His first wife, Barbara Stebbing, was a diabetic who knew she would not enjoy a long life. She died in 1944, leaving MacEwen to cope with their daughter, who was born blind and incapable of even the most rudimentary communication with others, and who had to live out her relatively brief life in institutions.

Malcolm MacEwen was the son of an Inverness solicitor and pioneer Scottish Nationalist. He turned to Marxism while a law student at Edinburgh, and his first job for the Communist Party was as office lawyer on the Glasgow version of the Daily Worker. Then he moved to the post of party secretary in north-east England before returning to the Daily Worker, this time in London. He did various jobs for the paper, working there from 1943 to 1956. As a foreign correspondent (he served for a time as foreign editor) he witnessed the post-Second World War destruction of the Greek Left by the royalist forces backed by the British Army. He did a long spell in the House of Commons gallery, having first done a crash course in shorthand. He retained his verbatim skill as a notetaker long after it had ceased be of daily use to him and got much pleasure from confronting opponents in committee with exactly what they had said 10 minutes earlier.

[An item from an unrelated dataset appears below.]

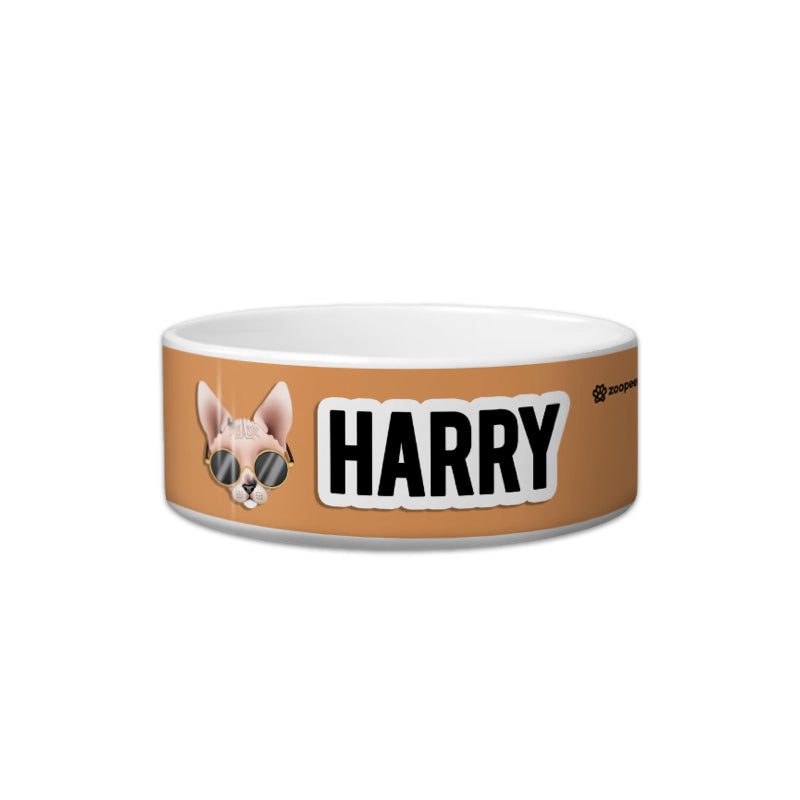Dog bowl with 'Harry' and a dog illustration on a brown background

With many good minds and free spirits he left the party around the time of the Hungarian uprising in 1956, and, through the old comrades network found a job on the Architects' Journal. This meshed well with the interests he had developed through his second marriage to Ann Wheeler (nee Maitland). She too had been widowed and, unlike him, was a cradle socialist. She worked as a planner for the old London County Council and later, while in Colin Buchanan's partnership, helped write the epochal Traffic in Towns (1963).

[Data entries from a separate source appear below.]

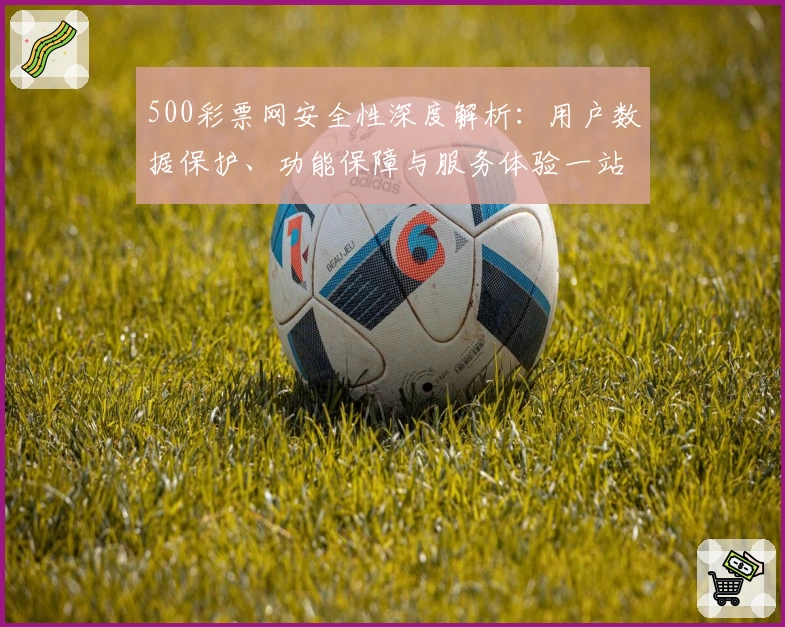 500彩票网安全性深度解析：用户数据保护、功能保障与服务体验一站了解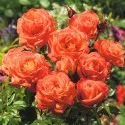Róża floribunda pomarańczowa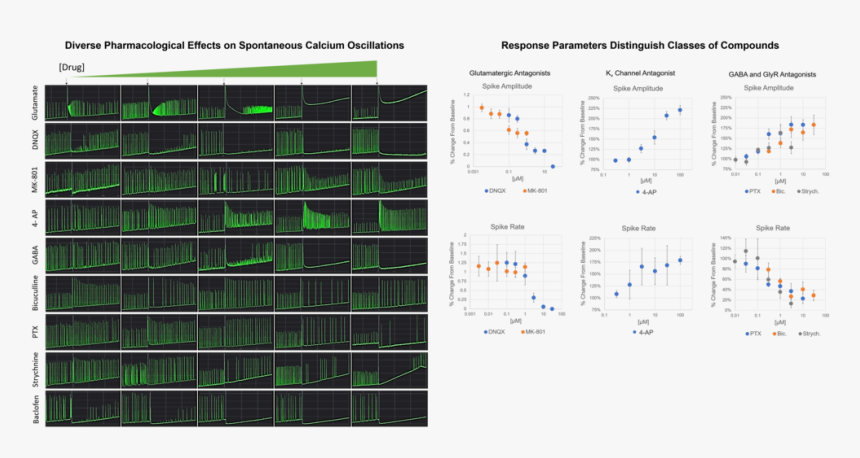 Spontaneous Calcium Oscillation Examples - Architecture, HD Png Download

MacEwen moved on to the Royal Institute of British Architects where he held a series of information jobs, editing the RIBA Journal (1964-71) and serving finally as Director of Public Affairs. He was an early critic of the gap between architects and the public, which he spelled out in Crisis in Architecture (1974), a book which pinpointed the fact that architects are "caught up in a social system that rewarded their most selfish and destructive impulses while repelling their most generous and creative ones" - responding to the market rather than to social demands.

Retirement to Somerset brought him on to the Exmoor National Park committee where his fellow members were actively conniving in the ploughing-out of that very moorland the park was supposed to conserve. MacEwen successfully made a public scandal of this, survived several years of vilification by the local landowners and renters and was vindicated by the ensuing official inquiry.

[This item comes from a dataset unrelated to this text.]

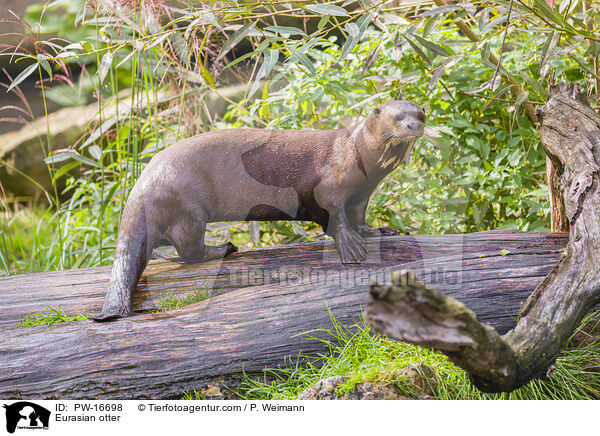 Fischotter / Eurasian otter / PW-16698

It was natural for him and Ann thereafter to become joint gurus of the national park movement. Their first book on the subject, National Parks - Cosmetics or Conservation? (1982) is still the best in the field. It is outstanding for marrying sympathy for landscapes with an understanding of the needs of the people who make their livings in the parks and the awkwardnesses of the administrative structures by which the parks are run. MacEwen acknowledged happily how much it owed to Ann's editorial skills and common sense.

To those who knew them both the saddest part of our loss is that we shall never again hear Malcolm MacEwen in full flight of ridicule or polemic, while Ann gently interjects "Now, Malc . . . now", knowing all the while that from this loving combination of radical anger and radical calm would come a radical judgement to be reckoned with.

Chris Hall

Malcolm McEwen, journalist: born Inverness 24 December 1911; Assistant Editor, Architects' Journal 1956-60; Editor, RIBA Journal 1964-71; married 1937 Barbara Stebbing (died 1944, one daughter deceased), 1947 Ann Wheeler (one daughter); died 11 May 1996.